But with credit markets in buoyant shape towards the end of the first quarter, Aegon revived its mandate and approached the market anew on the morning of 28 March.

Initial price thoughts of the 6% area were set for the EUR500m no-grow perpetual non-call five instrument, rated Baa3/BBB-/BB+. Orders passed EUR1bn in around an hour and a half, and after three hours guidance was set at the 5.75% area, plus or minus 0.125%, will price in range, with books above EUR2bn. The new issue was ultimately priced at 5.625%, with a reset spread of 521bp, on the back of over EUR2.5bn of demand, pre-reconciliation.

“It was worth the wait,” said André Bonnal, FI syndicate at Crédit Agricole CIB. “It felt like unfinished business as they did not come to the market at the end of 2018, but now they have successfully priced their debut, with the deal five times covered and performing well in the secondary market. It’s a really good development for the RT1 market.”

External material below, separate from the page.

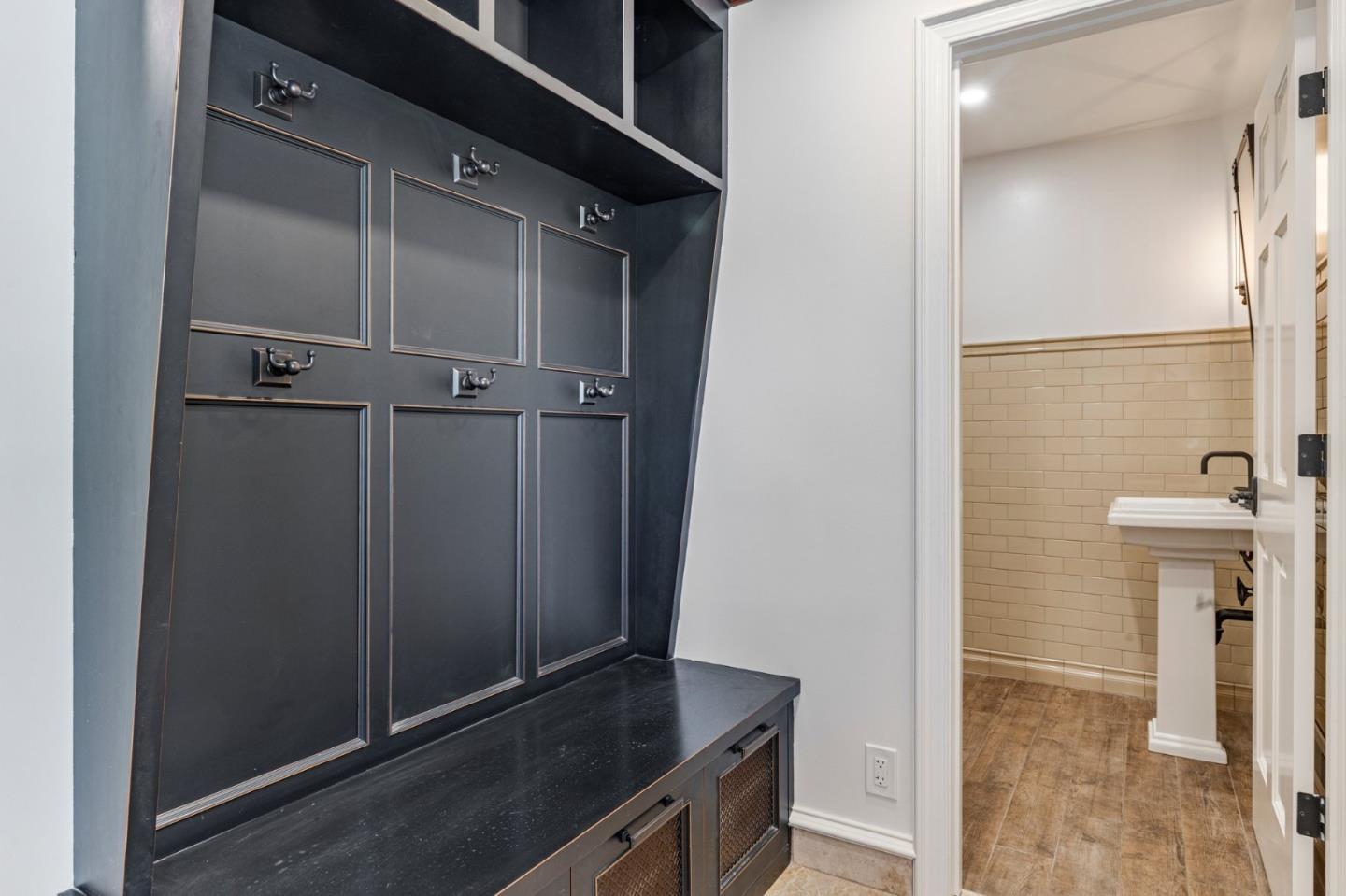 Detail Gallery Image 37 of 87 For 1080 Finley, Pleasanton,  CA 94588 - 6 Beds | 4/3 Baths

He noted that since being opened in October 2017 by ASR Nederland with its EUR300m trade, the euro RT1 sector has remained thin, seeing only one other liquid benchmark, in June 2018 when CNP Assurances sold the first EUR500m trade.

“Furthermore, those were printed when the market was very strong, so the RT1 market had never really performed,” added Bonnal.

However, thanks to the first quarter rally, CNP Assurances’ RT1 was trading back at par, while prevailing market levels allowed Aegon to go out with a 6% coupon as its starting point, he noted, while Aegon also offered a higher reset spread than either ASR or CNP.

“It clearly offered good value in terms of reset spread and headline coupon,” said Bonnal, “especially when we know that yields are dropping and the hunt for yield is going to continue. Plus it was investment grade-rated.”

Aegon said it intends to use the proceeds from the issuance for redemption of grandfathered RT1 securities.

“The successful inaugural issuance of these RT1 securities demonstrates our financial strength and creditworthiness,” said Matt Rider, CFO of Aegon. “This transaction provides us with financial flexibility to call part of our outstanding grandfathered securities.”